→ **Supplied data**:
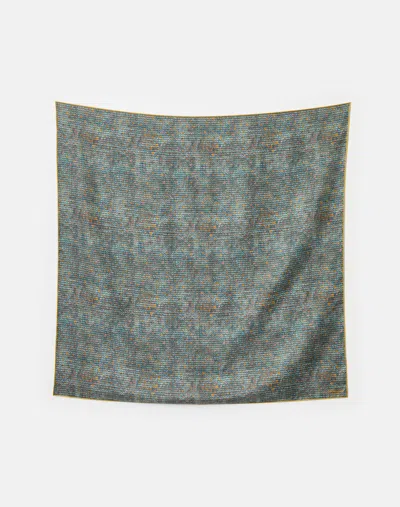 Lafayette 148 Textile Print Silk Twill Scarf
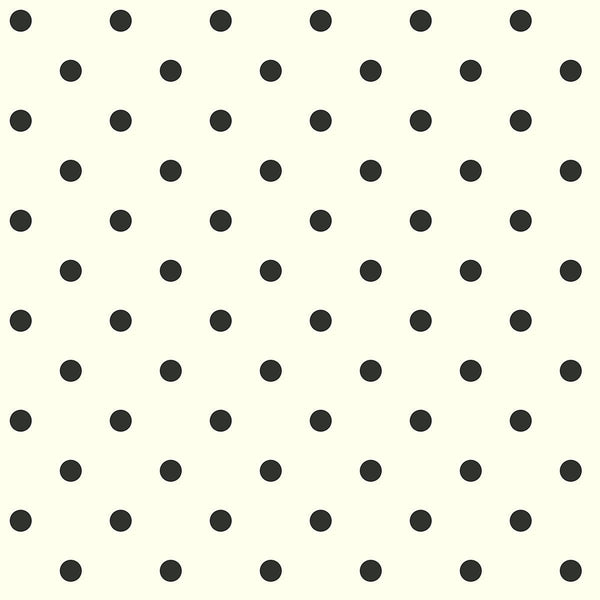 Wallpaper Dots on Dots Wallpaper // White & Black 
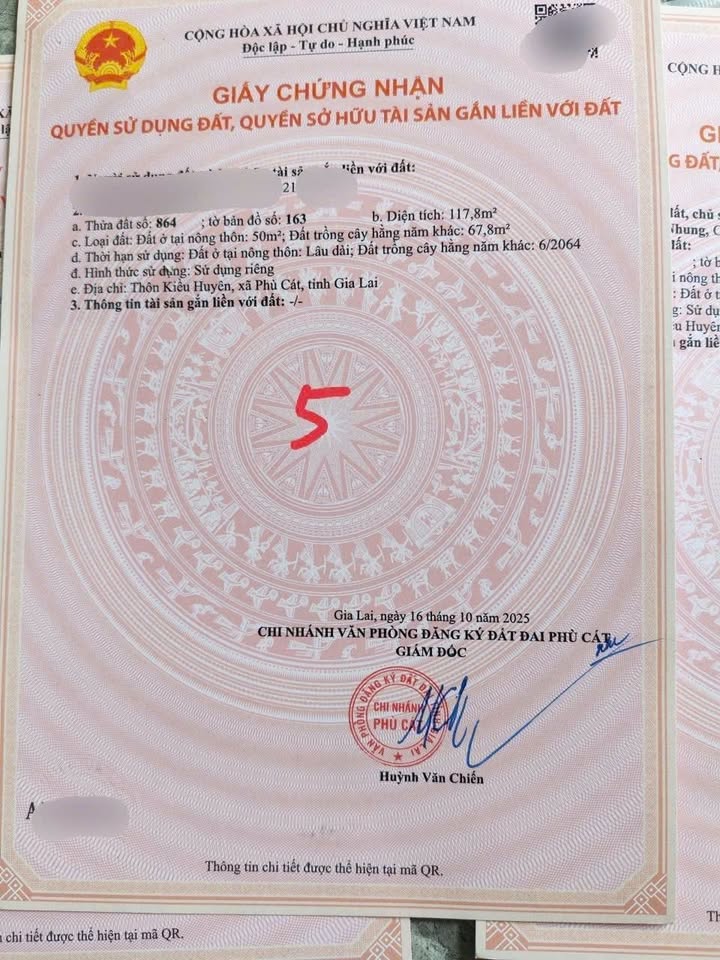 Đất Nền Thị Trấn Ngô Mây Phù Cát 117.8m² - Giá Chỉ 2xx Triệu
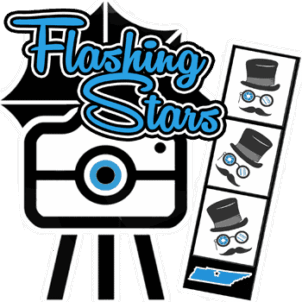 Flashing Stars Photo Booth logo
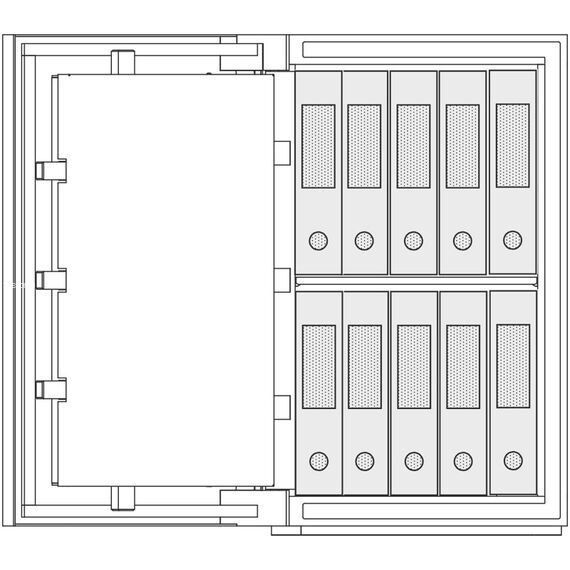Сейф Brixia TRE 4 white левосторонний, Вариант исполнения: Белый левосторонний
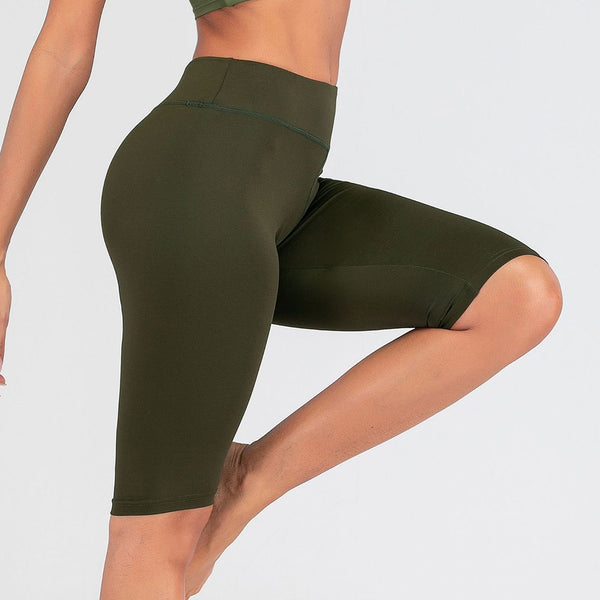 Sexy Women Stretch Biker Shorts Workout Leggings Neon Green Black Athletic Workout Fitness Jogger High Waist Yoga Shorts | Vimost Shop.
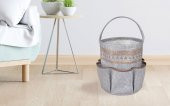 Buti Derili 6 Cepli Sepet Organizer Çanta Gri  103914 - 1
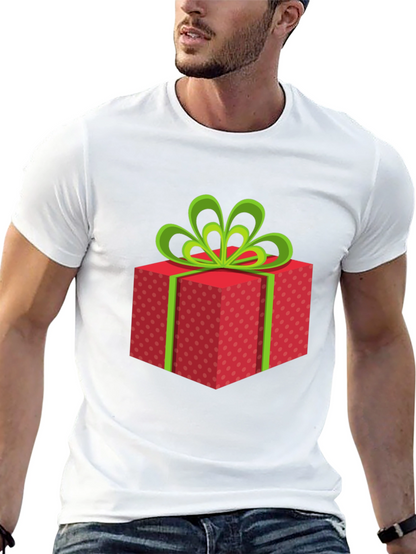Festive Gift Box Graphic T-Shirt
==
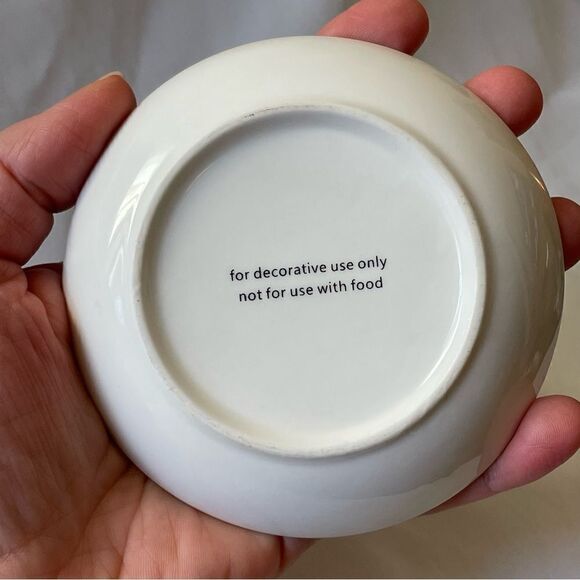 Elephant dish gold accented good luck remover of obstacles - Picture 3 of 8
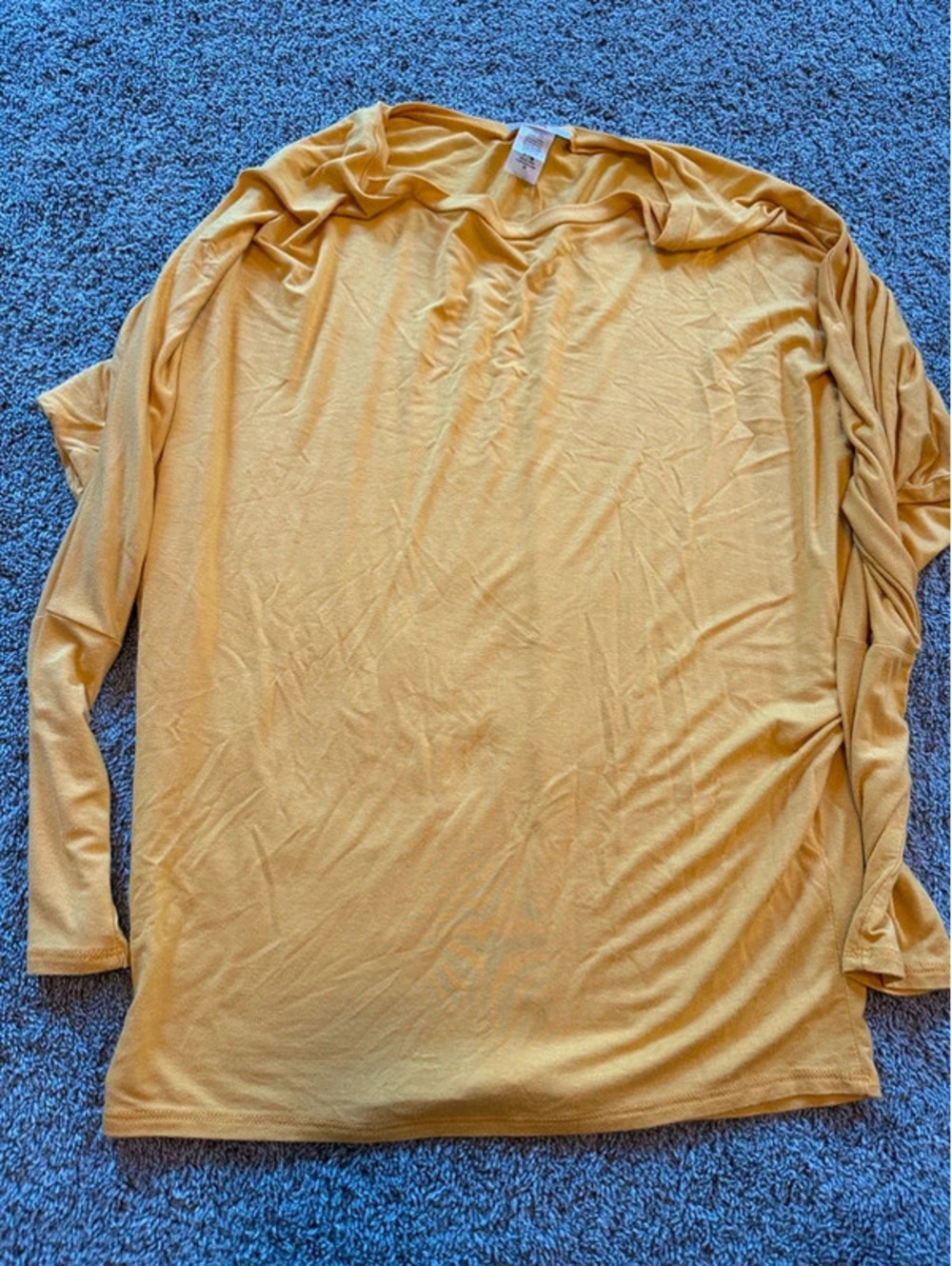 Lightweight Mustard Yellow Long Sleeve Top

→ **Your instructions**: Repeat exactly the stretch of the listing above that starts with the line holding "Đất Nền Thị" and finishes with the line holding "Festive Gift Box Graphic T-Shirt", both included. Skip every picture.

→ **Result for this task**:
 Đất Nền Thị Trấn Ngô Mây Phù Cát 117.8m² - Giá Chỉ 2xx Triệu
 Flashing Stars Photo Booth logo
Сейф Brixia TRE 4 white левосторонний, Вариант исполнения: Белый левосторонний
 Sexy Women Stretch Biker Shorts Workout Leggings Neon Green Black Athletic Workout Fitness Jogger High Waist Yoga Shorts | Vimost Shop.
 Buti Derili 6 Cepli Sepet Organizer Çanta Gri  103914 - 1
Festive Gift Box Graphic T-Shirt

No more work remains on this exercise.